Many, including HR specialists, still have this image of an ultra-modern company as a place filled with computers and sensors. Everything is measured, recorded and uploaded to data centers. A special place in that structure is held by analysts and data scientists: they convert gigabytes of information into something readable by humans and forward it to management, who review these reports and make their calculations. Then, a massive pool of programmers turns these ideas into new code, sends them to management centers and changes the processes related to production and sales. Then, information is collected all over again and the circle continues.

So what’s wrong with that? The thing is that with modern machine learning, the data scientists and everyone who goes after that are unnecessary.

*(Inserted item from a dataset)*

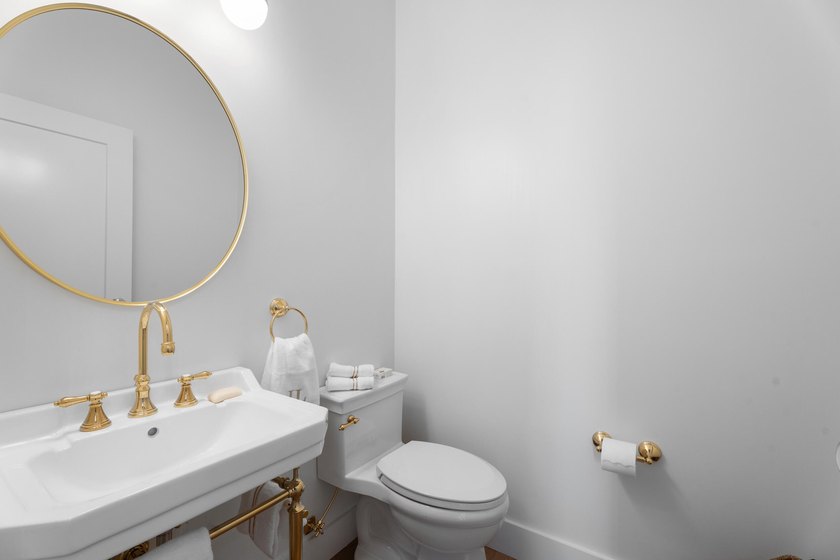 Tastefully updated 3-bedroom, 3.5-bath residence in the highly - photo 32
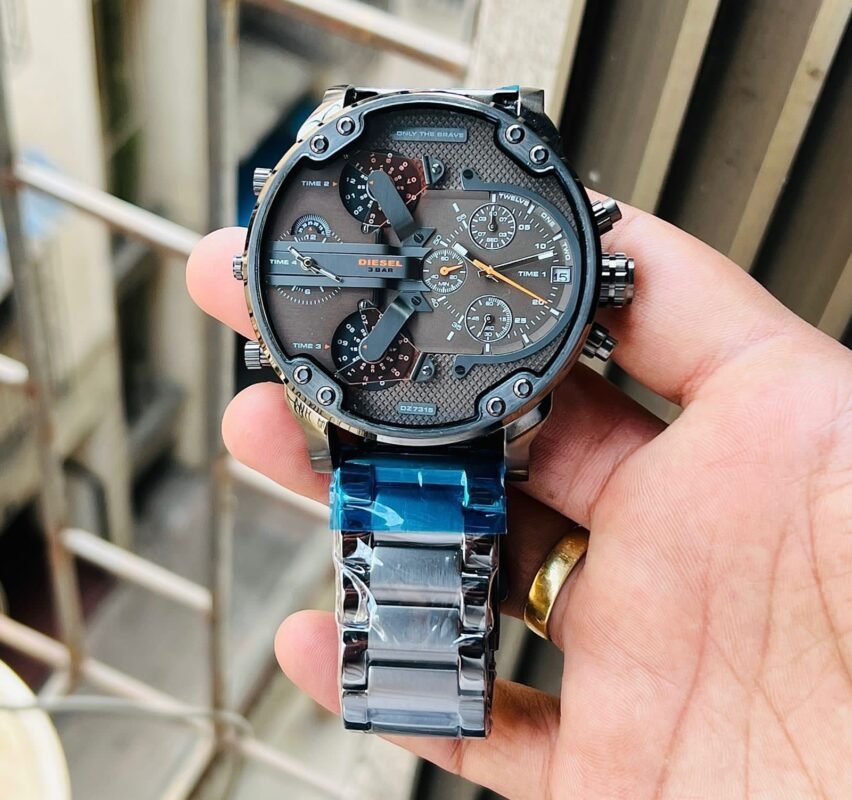 0eeacb26 4f4b 4cc7 a281 a684549f0571 https://watchstoreindia.com/Shop/diesel-dz7331/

If they only do somewhat monotonous work and make decisions based on data, then algorithms can easily do their jobs. There is no longer a need for an army of data scientists, programmers, and management.

Fighting your fears

The Yandex driverless car in Las Vegas. Credit: autonews.com
The Yandex driverless car in Las Vegas. Credit: autonews.com

There aren’t any companies like this in the world. And the reason for that is psychological barriers. People are afraid and distrusting of innovation. They don’t want a more effective, but less human production model. It’s hard to call a computer into your office and tell it what it did wrong. Bosses are often reluctant to hire someone more capable than themselves, and a machine will always be more capable.

To get over your human fears, learn to think like an artist. It’s incredibly important because pure engineering thinking can’t overcome the struggle with unknown. Take drones, for instance. There are plenty of myths and fears surrounding them. You can explain how safe they are with stats and numbers, but that’s not going to help. Journalists will keep peddling horror stories. At Yandex, we learn to work with people’s emotions.

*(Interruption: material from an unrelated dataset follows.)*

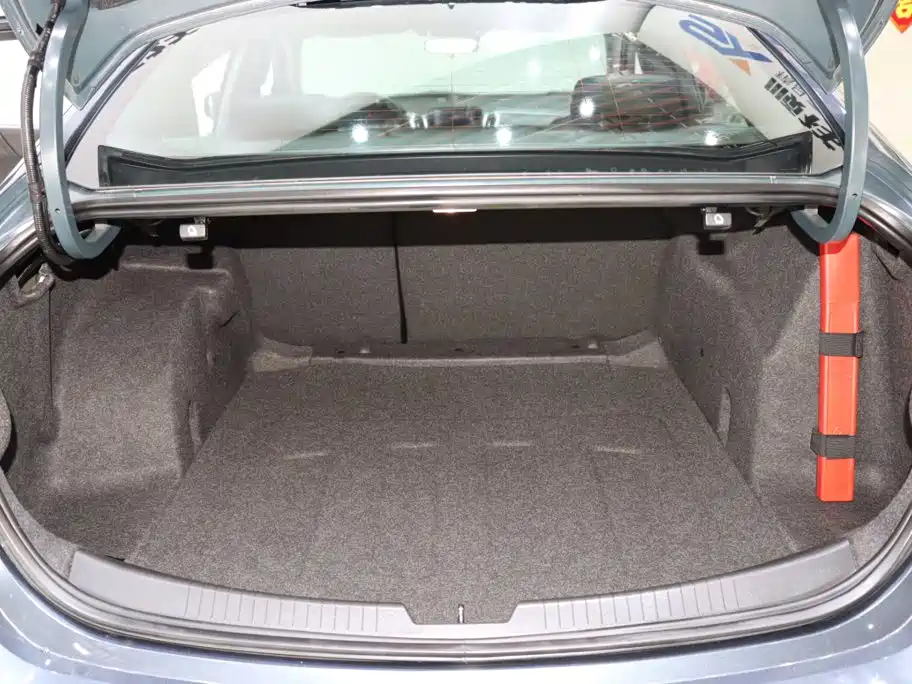 Chevrolet Malibu XL — миниатюра 16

Early last year, we went to the CES 2018 in Las Vegas. Yandex didn’t buy a booth there. Instead, a month before the show three specialists from our unmanned vehicle department went to the US, bought a white Toyota Prius in Boston (it was the only place with the right model) and drove it to Las Vegas. In just two weeks, they turned it into a driverless car. Then they spent another two weeks teaching it to drive around the city. During CES, they sent an email to Marques Brownlee, the top hi-tech vlogger in the US, and invited him to try out the car.

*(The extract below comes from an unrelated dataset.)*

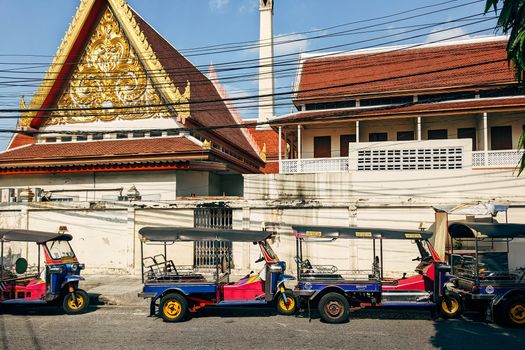 Chinatown tuk-tuk food tour — Bangkok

Uber, Tesla, and Google have spent years testing their autonomous cars, but the general audience is still reluctant to trust them. These companies seem to be unable to talk to people as people and not engineers. In the video, you can see that we used a method of communication that takes into account the way human psyche works and didn’t just do a spiel on the product’s qualities.

Reading suggestions

Another book I’d advise everyone to read is Machine, Platform, Crowd: Harnessing Our Digital Future by Andrew McAfee and Erik Brynjolfsson. In it, they consider three concepts: machines are based on machine learning, platforms on platform economics, and crowds not only on crowdfunding and crowdsourcing. The old hierarchies stop employees from surviving in modern, fast-paced and highly competitive companies. What’s needed are new ways to make the structures within companies more horizontal. Two MIT economics professors provide a very lively explanation about the fusion of machine learning, platform economics and companies that work as fast as a startup.

The book leads us to a sort of conclusion. When we talk about the internal structure of tomorrow’s companies, we ask ourselves: who are the people who will get to live in the future? Who are the people who will feel comfortable in that future? They are entrepreneurs. If a country doesn’t have them in high numbers, it doesn’t have a future.